Essencialmente, você precisa lamentar o que perdeu. As fases do luto são:

  1. Negação:Uma recusa em aceitar o que está acontecendo.
  2. Raiva:Sentir que não é justo ou estar com raiva em geral.
  3. Negociação:Prometer algo (como ser uma pessoa melhor) se a situação desaparecer.
  4. Depressão:Desistir, não se importar com o que acontece.
  5. Aceitação:Aceitar a situação e estar pronto para seguir em frente.

Pense em onde você está no processo de luto e, em seguida, observe o que os próximos estágios provavelmente trarão. Se você sentir que está preso em um estágio, encontre alguém com quem conversar sobre isso. Se você acha que precisa de um conselheiro profissional para ajudá-lo, não tenha vergonha disso e converse com seu médico. Se você ficar clinicamente deprimido ou simplesmente não conseguir aceitar sua nova situação, não estará fazendo nenhum bem a si mesmo ou a ninguém ao seu redor.

Gerenciando suas expectativas: três etapas

Parte de aceitar a situação é gerenciar suas expectativas. Por exemplo, digamos que você costumava passear de bicicleta, fazer caminhadas, talvez passear de canoa no rio. Vocês terão que mudar suas expectativas sobre como passarão seu tempo de lazer juntos. Se a pessoa doente tiver que deixar o emprego, isso também pode significar uma mudança nas expectativas sobre o seu futuro financeiro.

Passo #1

O primeiro passo para gerenciar suas expectativas é analisar honestamente sua situação e perguntar-se: “O que eu sei sobre as circunstâncias?” Reservar um pouco de tempo para aprender e compreender a condição o ajudará a lidar com a realidade que ela cria. Aprenda uma explicação simples sobre a fibromialgia e como entender a síndrome da fadiga crônica.

Etapa 2

Em segundo lugar, observe as coisas a longo prazo. Pense: “Se as coisas continuarem como estão por um ano ou mais, como isso afetará a mim, à minha família e à pessoa que está doente?” Esta pode ser uma questão esmagadora quando você considera questões financeiras, emocionais e sociais. Aborde-os um de cada vez e tente permanecer lógico.

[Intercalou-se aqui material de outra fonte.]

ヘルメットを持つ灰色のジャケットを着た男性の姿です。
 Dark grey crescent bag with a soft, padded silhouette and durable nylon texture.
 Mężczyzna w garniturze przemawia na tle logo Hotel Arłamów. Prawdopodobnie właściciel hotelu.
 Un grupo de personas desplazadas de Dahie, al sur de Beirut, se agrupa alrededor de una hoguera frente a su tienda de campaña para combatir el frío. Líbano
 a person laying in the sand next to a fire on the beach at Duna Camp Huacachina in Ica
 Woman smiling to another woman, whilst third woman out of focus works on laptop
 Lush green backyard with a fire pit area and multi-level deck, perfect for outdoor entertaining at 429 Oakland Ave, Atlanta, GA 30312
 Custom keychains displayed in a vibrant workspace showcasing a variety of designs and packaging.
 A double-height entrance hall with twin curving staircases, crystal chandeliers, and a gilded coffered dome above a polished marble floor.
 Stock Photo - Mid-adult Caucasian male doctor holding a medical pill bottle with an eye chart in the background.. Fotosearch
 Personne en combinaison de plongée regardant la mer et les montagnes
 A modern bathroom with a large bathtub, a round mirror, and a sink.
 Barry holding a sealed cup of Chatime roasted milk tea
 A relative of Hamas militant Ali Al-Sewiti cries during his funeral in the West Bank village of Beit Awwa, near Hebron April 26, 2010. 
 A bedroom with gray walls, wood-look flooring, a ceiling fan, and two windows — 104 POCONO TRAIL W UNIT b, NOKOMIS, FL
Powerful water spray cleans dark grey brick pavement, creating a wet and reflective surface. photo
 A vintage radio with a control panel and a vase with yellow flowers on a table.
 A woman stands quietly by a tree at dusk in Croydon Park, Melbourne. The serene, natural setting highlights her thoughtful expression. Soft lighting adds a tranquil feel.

Depois de identificar o que provavelmente mudará, permita-se lamentar pelas coisas que ficaram no esquecimento e deixe-as ir. Em seguida, concentre-se nas áreas onde você prevê grandes problemas e trabalhe em busca de soluções realistas. Isso fará com que você se sinta mais no controle.

Passo #3

Não sinta que está sozinho na busca de soluções. Envolva o seu ente querido doente tanto quanto possível. Chame amigos, familiares, prestadores de cuidados de saúde, clérigos, serviços sociais, a sua companhia de seguros e qualquer outra pessoa que possa saber de recursos ou que possa ajudá-lo a encontrar formas de ultrapassar isto.